Required work:
Your task is to copy every line of the records below that contains "photo".

Records below:

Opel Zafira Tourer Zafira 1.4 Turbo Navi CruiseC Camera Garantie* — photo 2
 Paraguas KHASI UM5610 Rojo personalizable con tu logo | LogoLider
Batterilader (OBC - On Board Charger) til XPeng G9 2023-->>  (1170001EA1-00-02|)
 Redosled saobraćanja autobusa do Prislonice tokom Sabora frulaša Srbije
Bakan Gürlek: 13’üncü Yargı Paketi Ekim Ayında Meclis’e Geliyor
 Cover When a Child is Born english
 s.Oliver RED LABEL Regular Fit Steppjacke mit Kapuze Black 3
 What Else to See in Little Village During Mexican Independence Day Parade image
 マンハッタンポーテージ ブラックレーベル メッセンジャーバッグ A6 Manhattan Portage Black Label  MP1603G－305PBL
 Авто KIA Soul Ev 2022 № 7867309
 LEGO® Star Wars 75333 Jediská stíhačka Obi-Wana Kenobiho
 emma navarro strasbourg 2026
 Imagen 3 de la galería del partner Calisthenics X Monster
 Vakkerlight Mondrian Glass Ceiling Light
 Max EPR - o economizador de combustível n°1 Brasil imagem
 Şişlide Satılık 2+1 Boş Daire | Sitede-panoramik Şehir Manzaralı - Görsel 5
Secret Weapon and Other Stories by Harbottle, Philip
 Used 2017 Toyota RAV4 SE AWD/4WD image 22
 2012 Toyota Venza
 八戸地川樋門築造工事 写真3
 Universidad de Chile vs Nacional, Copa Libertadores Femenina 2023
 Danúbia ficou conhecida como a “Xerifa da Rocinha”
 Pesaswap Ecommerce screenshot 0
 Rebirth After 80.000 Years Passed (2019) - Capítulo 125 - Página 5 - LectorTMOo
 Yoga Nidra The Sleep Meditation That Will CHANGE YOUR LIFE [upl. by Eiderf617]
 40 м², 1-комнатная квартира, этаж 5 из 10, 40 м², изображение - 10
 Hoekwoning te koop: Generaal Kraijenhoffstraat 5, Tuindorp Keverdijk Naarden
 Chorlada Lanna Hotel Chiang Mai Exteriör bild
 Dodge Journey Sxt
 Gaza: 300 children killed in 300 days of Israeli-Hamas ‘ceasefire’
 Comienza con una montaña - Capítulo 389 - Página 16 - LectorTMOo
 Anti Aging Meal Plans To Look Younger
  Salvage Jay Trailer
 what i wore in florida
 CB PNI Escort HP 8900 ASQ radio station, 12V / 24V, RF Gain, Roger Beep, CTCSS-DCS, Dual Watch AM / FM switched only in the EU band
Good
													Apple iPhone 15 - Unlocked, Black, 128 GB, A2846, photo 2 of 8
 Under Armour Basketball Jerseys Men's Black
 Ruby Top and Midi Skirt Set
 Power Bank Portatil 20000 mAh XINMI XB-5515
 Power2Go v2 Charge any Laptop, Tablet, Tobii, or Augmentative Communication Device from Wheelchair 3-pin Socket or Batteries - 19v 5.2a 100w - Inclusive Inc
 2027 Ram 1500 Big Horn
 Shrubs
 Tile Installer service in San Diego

End of Records.

Written reply:
Opel Zafira Tourer Zafira 1.4 Turbo Navi CruiseC Camera Garantie* — photo 2
													Apple iPhone 15 - Unlocked, Black, 128 GB, A2846, photo 2 of 8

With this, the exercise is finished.